To overcome the above-mentioned limitations, the author previously proposed the off-chip synthesis of shape-controlled polymer particles through the formation of biphasic droplets in a symmetric co-flow channel.[3] Herein, we report the use of asymmetric microfluidic channels (i.e., T-junction and cross junction) for the off-chip synthesis of shape-controlled polymeric microparticles, which is more efficient in the parallelization of microchannels for the industrial-scale production.[4]

Microchannels with rectangular cross section were fabricated on a synthetic silica substrate by the deep reactive ion etching (DRIE) technique. The microchannel consists of a upstream Y-shaped channel and a downstream T-junction/cross-junction. Around the T-junction/cross-junction, the channel widths were 100 µm with a uniform depth of 100 µm. An acrylate monomer (1, 6-hexanediol diacrylate, HDDA, 6.35 mPa s) was used as a polymerizable organic phase, and silicone oil (SO, 9.34 mPa s) or perfluorocarbon fluid (PFC, 1.6 mPa s) was used for the non-polymerizable organic phase. Aqueous solution of sodium dodecyl sulfate (SDS, 0.3 wt%) or polyvinyl alcohol (PVA, 2.0 wt%) was used as external aqueous phase. UV polymerization was continuously performed off the fluidic module.

A two-phase parallel stream was formed at the Y-junction when the two organic phases were infused separately into the two arms of the Y-junction. This two-phase stream then entered a shearing stream of the aqueous phase at the T-junction, resulting in the rapid formation of biphasic organic droplets by a shear-rupturing mechanism (~300 drops/s).

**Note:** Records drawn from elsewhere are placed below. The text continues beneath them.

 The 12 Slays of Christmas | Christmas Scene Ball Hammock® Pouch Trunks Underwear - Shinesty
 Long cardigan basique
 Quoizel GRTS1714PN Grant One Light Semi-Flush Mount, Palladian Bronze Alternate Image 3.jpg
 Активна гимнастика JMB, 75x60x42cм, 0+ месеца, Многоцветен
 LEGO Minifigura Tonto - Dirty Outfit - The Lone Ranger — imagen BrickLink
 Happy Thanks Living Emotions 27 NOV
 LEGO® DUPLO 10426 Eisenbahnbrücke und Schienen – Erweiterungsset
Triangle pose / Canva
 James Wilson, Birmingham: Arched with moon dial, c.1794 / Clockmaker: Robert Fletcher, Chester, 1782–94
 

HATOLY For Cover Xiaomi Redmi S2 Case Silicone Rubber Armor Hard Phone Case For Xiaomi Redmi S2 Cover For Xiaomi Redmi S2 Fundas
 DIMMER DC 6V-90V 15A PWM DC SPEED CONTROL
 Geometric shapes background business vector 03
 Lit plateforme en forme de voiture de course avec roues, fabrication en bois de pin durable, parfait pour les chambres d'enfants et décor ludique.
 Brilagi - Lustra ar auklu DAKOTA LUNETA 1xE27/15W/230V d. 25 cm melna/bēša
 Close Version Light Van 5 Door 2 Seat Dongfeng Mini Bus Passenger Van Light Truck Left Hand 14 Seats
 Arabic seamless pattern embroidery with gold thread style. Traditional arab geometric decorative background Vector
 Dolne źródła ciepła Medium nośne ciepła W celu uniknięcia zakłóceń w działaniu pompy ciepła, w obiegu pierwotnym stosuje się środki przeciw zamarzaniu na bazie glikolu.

The droplets were highly monodisperse in size, typically with a coefficient of variation (CV) around 2 %. When we used the combination of two Y-shaped channels and a cross-junction, biphasic droplets could be alternately formed at the two opposed inlet channels.

When SO was used as the non-polymerizable organic phase, the produced droplets formed Janus structure. The Janus droplets had a snowman-like appearance, with a curved internal interface separating the two organic phases. The satellite droplets (~20 µm) also had similar Janus structure. By varying the ratio of the flow rates of the two organic phases, it was possible to adjust the volume ratio of the two organic phases in the Janus droplets. We consider that the formation of these Janus geometries was driven only by the minimization of the interfacial free energies among the three liquid phases, because similar results were obtained when we exchanged the positions of the two organic streams in the microfluidic channels. By subsequent UV polymerization, we could synthesize monodisperse nonspherical particles. The particle shape could be tuned by varying the flow-rate ratio of the two organic phases between 0.1-10.0.

On the other hand, when PFC was used as the non-polymerizable organic phase and the PVA aqueous solution as the continuous aqueous phase, HDDA droplets engulfing PFC were reproducibly formed, because of the strong hydrophobicity of PFC. The UV polymerization of the external HDDA produced macro-porous shells with a small pore on their surfaces.

References

[1]D. Dendukuri et al., Langmuir 21, 2113 (2005); S. Xu et al., Angew. Chem. Int. Ed. 44, 724 (2005); R. F. Shepherd et al., Langmuir 22, 8618 (2006); Z. Nie et al., J. Am. Chem. Soc. 127, 8058 (2005).

[2]D. Dendukuri et al., Nat. Mater. 5, 365 (2006); J.-H. Jang et al., Angew. Chem. Int. Ed. 46, 9027 (2007).

[3]T. Nisisako et al., IMRET9, 190, Potsdam/Berlin, Germany (2006); T. Nisisako et al., Adv. Mater. 19, 1489 (2007).

[4]T. Nisisako et al., Lab Chip 8, 287 (2008).